Concrete incremental problem solving matters. But so does vision, sales, marketing, creative lateral-moving art and problem solving, and many other areas of work accomplished by the great companies and builders and creators of our time that do not take a view like Linus.
“ I was never a “big thinker”. One of my philosophies in Linux has always been to not worry about the future too much, but make sure that we make the best of what we have now – together with keeping our options open for the future and not digging us into a hole.”
Many of Linus Torvalds statements are foolish, and he should be questioned and criticized by more people than just myself, Jeremy Welch.
Linus’s approach to thinking and building is a surefire way to get slop. Over and over and over again.

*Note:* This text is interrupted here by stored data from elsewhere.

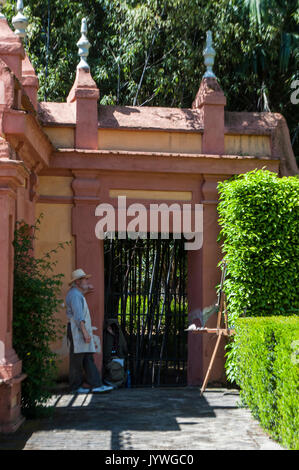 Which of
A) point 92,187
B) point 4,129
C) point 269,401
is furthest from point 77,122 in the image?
point 269,401

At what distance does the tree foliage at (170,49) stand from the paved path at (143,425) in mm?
8548

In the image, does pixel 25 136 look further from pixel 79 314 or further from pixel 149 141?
pixel 149 141

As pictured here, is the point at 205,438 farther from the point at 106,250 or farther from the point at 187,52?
the point at 187,52

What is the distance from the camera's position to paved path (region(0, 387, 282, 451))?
6426mm

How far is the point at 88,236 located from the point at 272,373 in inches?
184

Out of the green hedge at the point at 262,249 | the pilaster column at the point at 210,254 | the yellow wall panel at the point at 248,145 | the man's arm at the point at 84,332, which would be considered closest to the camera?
the man's arm at the point at 84,332

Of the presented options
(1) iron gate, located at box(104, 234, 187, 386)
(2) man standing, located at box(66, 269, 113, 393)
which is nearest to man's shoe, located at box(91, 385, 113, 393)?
(2) man standing, located at box(66, 269, 113, 393)

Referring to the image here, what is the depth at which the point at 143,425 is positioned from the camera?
739 cm

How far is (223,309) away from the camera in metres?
10.4

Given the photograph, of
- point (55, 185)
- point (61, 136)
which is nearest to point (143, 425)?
point (55, 185)

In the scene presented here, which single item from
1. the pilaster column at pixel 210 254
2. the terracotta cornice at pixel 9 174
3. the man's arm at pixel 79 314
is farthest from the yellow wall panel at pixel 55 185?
the terracotta cornice at pixel 9 174

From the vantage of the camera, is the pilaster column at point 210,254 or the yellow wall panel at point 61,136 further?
the pilaster column at point 210,254

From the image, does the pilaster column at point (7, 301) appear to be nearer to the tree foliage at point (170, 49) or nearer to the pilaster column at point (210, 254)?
the pilaster column at point (210, 254)

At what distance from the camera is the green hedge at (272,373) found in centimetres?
585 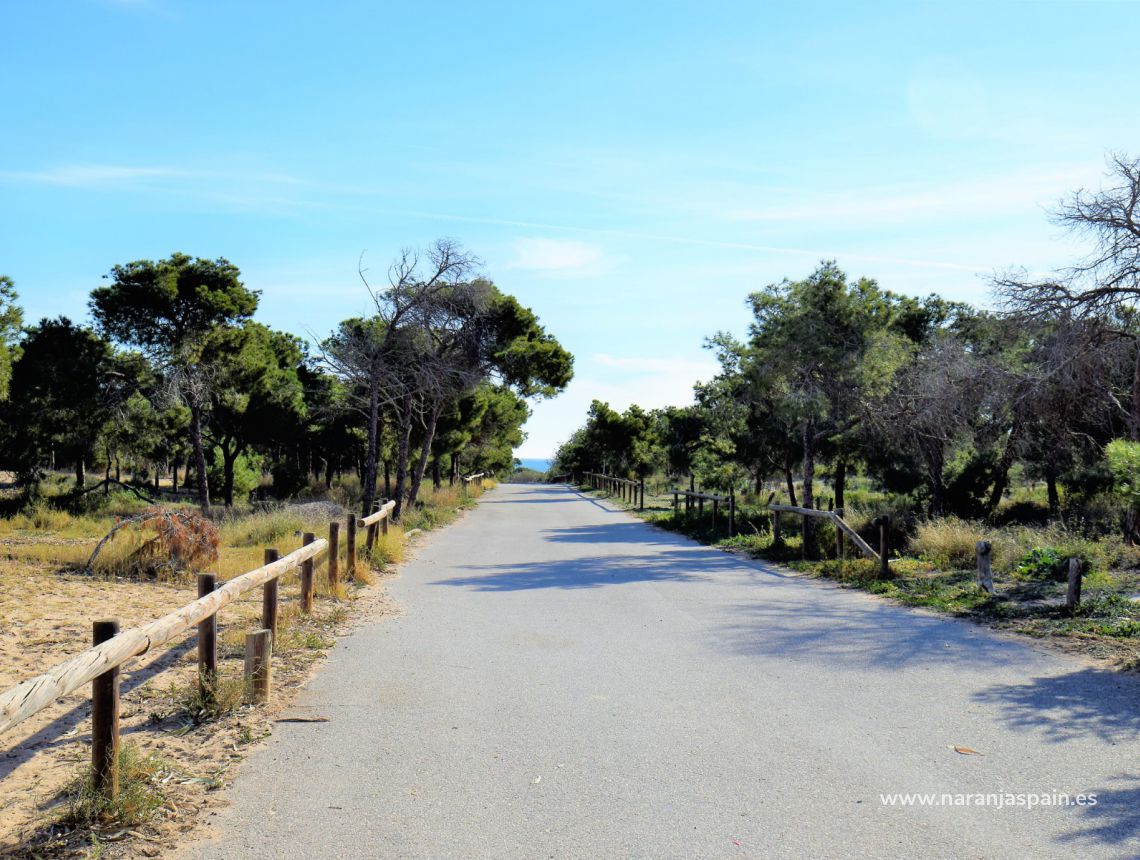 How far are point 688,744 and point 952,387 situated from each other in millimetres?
16286

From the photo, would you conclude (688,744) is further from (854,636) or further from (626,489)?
(626,489)

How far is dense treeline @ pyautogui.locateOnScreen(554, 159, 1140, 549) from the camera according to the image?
1712 cm

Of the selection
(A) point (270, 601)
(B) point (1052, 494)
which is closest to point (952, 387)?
(B) point (1052, 494)

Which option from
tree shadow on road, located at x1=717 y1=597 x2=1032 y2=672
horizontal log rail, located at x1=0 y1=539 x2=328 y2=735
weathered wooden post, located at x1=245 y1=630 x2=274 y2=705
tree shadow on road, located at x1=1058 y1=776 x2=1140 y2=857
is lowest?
tree shadow on road, located at x1=717 y1=597 x2=1032 y2=672

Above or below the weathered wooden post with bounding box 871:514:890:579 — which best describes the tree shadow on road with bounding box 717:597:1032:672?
below

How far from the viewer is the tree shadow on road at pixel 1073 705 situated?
5.86 metres

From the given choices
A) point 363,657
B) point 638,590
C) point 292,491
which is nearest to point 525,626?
point 363,657

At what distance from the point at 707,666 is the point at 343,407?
24288 millimetres

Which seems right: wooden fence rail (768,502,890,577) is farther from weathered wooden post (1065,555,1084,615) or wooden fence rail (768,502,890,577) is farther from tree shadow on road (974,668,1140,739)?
tree shadow on road (974,668,1140,739)

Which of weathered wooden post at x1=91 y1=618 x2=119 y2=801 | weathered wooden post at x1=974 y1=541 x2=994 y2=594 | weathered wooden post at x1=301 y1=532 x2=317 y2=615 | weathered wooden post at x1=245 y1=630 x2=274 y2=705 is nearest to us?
weathered wooden post at x1=91 y1=618 x2=119 y2=801

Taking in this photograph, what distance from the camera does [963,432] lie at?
71.6 feet

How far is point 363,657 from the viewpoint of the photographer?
324 inches

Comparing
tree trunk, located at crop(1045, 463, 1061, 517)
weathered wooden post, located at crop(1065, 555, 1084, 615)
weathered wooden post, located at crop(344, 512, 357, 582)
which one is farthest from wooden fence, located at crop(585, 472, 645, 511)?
weathered wooden post, located at crop(1065, 555, 1084, 615)

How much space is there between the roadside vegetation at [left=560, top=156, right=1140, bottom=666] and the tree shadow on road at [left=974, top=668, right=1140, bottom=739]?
2.82ft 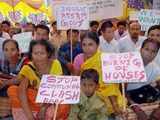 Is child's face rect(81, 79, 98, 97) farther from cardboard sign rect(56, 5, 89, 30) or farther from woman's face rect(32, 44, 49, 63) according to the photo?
cardboard sign rect(56, 5, 89, 30)

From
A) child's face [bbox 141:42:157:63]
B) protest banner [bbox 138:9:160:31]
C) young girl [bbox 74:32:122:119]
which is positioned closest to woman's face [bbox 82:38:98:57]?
young girl [bbox 74:32:122:119]

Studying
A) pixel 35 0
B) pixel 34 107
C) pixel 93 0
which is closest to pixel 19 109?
pixel 34 107

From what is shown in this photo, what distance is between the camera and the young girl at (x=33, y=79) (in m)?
5.52

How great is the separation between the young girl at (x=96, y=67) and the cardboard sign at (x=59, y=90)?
55cm

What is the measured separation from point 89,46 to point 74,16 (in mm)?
1783

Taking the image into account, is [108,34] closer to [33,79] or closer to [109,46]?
[109,46]

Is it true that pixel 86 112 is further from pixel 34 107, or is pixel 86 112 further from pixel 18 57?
pixel 18 57

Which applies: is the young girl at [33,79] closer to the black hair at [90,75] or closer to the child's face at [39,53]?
the child's face at [39,53]

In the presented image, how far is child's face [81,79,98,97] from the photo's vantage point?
5.46m

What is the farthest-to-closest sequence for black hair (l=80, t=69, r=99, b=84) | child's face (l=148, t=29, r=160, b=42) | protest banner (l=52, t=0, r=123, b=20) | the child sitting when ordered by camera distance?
1. protest banner (l=52, t=0, r=123, b=20)
2. child's face (l=148, t=29, r=160, b=42)
3. black hair (l=80, t=69, r=99, b=84)
4. the child sitting

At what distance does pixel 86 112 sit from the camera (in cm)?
540

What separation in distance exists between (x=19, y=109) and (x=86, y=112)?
80 cm

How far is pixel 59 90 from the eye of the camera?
203 inches

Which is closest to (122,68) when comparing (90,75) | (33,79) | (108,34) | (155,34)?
(90,75)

The future is contained in the present, and future problems can be seen in both the easily visible problems of the present and the signs and visions of future problems given to us by God. There is no way to exist in the unique callings God has for us without digging a hole and limiting one’s options in some way. It’s no accident that many of our greatest companies started in the hole of solving other problems (some of them grand, some of them small). A rejection of thinking about the future means a rejection of whole classes of concrete problems.
Building for limited near-term problems will always get limited results. If one rejects grand vision, then one also has to reject grand problems. Paradoxically, rejecting grand visions actually IS a vision. It is just a thin communist vision that cannot orient people or community actions to the biggest longterm problems of our time, all of which will require unique approaches and unique people and unique companies and unique states to resolve.
My work Catastrophe of the Soul enables us to connect grand doom-class problems back to the narrow day-to-day actions that we all face. In my worldview I can accept the existence of someone like Linus, and see the limited value he and his philosophy can provide within the hole where he is digging. But I can also do something that Linus cannot, which is to value the existence of other great visionaries and creators and workers who do all the work that Linus is incapable of (given his limited worldview).
God made Unix and Linux, and God made Linus Torvalds. If Linus prays and seeks God honestly, perhaps God will call him out of the hole he is in and towards other projects and ways of thinking and being.